• Prompt:
Please give back exactly the line with "60年代农村饲养牛视频" and each line after it through the end of the material, leaving out the pictures.

• Recorded information:

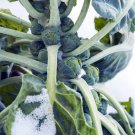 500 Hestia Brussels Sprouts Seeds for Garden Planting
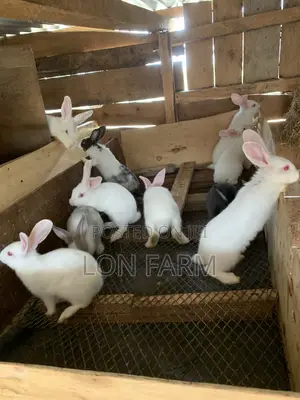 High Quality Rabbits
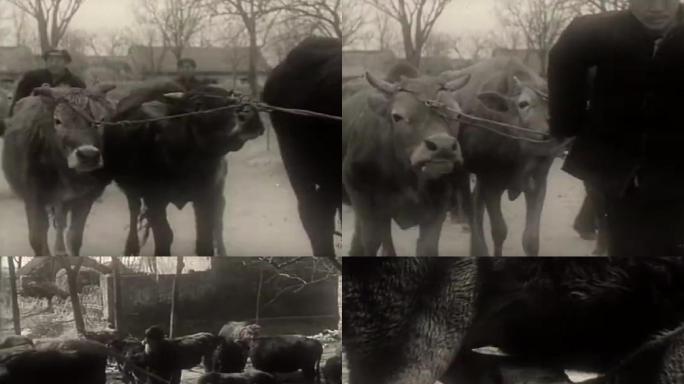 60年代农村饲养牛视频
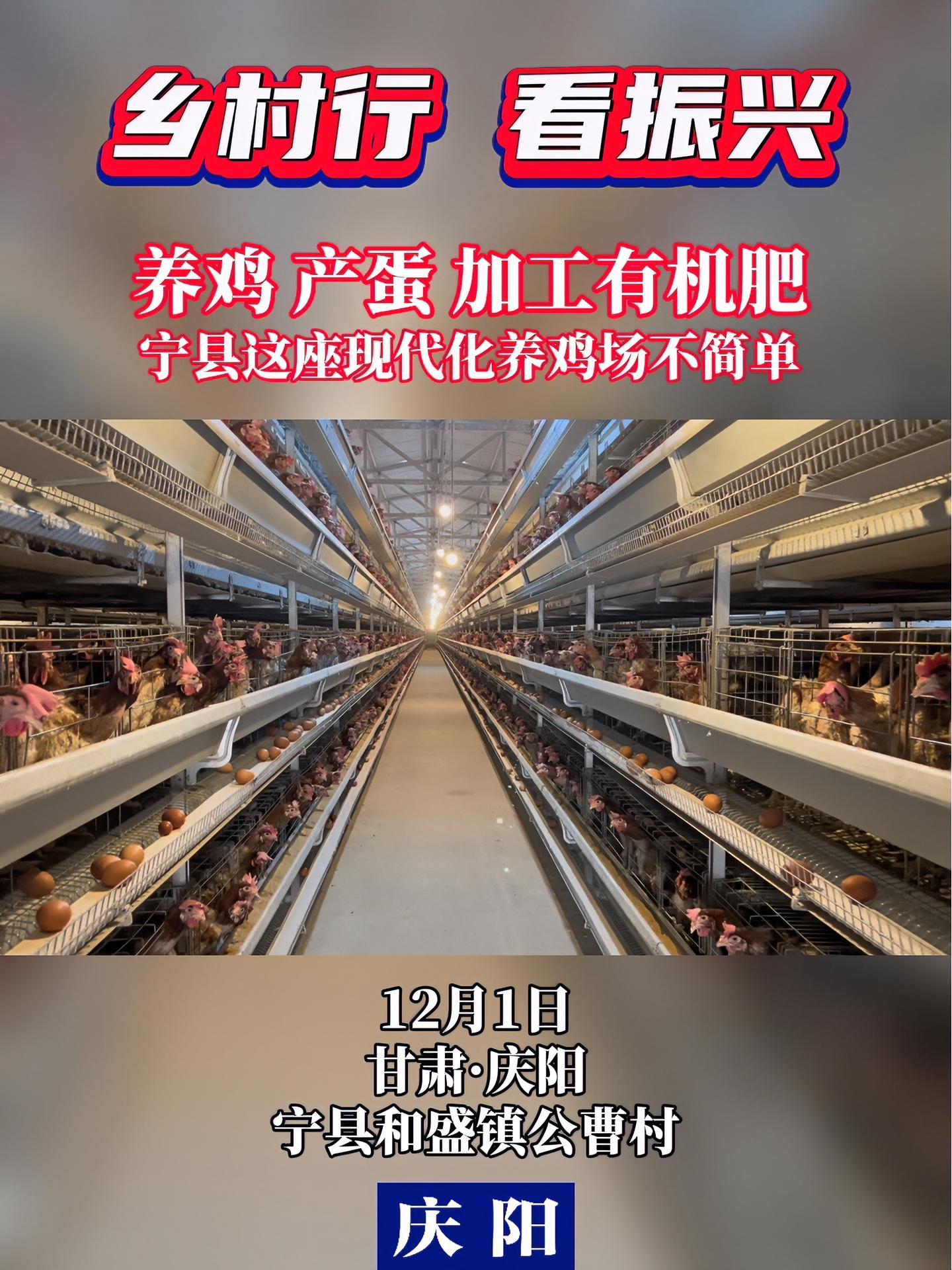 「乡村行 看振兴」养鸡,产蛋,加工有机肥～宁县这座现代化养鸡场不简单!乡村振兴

• Exercise result:
 60年代农村饲养牛视频
 「乡村行 看振兴」养鸡,产蛋,加工有机肥～宁县这座现代化养鸡场不简单!乡村振兴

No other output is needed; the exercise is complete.